* _What you should do_: Match the word "Jersey". Return each line of the data below where it appears.

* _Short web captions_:
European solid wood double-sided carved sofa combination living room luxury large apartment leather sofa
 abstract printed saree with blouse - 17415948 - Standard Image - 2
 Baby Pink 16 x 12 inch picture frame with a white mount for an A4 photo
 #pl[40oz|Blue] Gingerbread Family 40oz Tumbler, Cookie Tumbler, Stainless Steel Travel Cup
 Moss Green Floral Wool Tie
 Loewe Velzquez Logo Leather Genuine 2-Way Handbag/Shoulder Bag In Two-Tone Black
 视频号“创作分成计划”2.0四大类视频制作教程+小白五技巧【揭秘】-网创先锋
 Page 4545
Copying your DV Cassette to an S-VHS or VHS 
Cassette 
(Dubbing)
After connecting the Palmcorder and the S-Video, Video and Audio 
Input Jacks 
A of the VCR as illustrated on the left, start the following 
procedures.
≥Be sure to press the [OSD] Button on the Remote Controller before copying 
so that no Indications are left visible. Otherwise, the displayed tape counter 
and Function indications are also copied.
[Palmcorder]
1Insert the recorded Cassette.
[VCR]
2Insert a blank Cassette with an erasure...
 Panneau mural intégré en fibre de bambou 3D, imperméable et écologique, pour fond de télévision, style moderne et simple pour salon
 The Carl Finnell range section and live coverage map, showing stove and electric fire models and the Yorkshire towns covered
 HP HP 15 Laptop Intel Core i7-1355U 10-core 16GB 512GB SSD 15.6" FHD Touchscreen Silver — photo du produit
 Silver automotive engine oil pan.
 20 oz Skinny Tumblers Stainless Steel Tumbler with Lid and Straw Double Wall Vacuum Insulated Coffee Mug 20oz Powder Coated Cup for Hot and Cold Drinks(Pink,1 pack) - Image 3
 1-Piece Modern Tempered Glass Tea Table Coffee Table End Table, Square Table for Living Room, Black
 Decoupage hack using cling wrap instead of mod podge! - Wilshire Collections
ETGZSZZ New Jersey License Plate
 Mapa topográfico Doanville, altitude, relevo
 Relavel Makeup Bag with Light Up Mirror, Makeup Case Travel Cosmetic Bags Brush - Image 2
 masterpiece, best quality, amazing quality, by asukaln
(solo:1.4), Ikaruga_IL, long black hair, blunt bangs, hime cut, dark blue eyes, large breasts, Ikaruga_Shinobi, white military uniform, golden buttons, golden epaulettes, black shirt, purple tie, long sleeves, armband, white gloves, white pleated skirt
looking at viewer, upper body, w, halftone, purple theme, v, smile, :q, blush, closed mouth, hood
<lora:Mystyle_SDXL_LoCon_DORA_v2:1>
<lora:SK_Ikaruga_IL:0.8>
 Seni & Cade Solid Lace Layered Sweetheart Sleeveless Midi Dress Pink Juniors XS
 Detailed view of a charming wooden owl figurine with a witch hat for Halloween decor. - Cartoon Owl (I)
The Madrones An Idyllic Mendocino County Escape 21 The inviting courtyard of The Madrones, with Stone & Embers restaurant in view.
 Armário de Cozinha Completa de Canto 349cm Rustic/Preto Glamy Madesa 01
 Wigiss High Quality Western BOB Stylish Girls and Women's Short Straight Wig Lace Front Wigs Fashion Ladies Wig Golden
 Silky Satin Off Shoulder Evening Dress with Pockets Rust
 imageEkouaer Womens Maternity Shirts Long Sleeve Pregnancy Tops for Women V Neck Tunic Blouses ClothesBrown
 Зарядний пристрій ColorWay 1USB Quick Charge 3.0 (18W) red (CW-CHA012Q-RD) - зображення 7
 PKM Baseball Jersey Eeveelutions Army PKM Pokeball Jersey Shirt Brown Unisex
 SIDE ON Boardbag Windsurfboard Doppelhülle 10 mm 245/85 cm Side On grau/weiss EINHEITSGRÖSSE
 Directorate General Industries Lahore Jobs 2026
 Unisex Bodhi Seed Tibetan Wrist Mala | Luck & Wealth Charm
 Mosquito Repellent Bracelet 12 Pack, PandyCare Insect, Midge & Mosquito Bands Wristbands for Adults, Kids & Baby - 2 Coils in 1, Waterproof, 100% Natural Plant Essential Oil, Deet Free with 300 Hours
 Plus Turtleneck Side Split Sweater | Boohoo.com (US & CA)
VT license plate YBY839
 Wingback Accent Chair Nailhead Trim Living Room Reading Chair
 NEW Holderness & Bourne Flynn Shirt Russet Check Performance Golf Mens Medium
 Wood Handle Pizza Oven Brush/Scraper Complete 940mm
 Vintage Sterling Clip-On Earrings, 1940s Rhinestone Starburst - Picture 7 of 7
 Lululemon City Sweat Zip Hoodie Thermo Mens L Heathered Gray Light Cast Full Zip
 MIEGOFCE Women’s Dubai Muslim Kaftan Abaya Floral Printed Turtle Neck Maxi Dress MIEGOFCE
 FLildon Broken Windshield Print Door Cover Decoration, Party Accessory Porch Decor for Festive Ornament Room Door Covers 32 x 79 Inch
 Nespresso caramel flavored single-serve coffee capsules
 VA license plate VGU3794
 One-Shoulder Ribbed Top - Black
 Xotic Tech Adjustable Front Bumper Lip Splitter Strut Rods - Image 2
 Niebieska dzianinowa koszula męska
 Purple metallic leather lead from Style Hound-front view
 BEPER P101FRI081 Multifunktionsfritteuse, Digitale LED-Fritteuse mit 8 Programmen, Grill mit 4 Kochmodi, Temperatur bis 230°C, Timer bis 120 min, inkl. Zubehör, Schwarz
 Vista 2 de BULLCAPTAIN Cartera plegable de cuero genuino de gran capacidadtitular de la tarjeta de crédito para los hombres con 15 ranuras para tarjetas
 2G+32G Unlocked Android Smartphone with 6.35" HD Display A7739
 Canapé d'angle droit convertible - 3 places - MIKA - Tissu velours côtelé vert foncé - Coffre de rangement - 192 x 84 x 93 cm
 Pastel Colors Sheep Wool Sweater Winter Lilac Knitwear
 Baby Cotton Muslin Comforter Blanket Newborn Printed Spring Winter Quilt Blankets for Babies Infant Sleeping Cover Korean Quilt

* _Solution to the exercise_:
ETGZSZZ New Jersey License Plate
 PKM Baseball Jersey Eeveelutions Army PKM Pokeball Jersey Shirt Brown Unisex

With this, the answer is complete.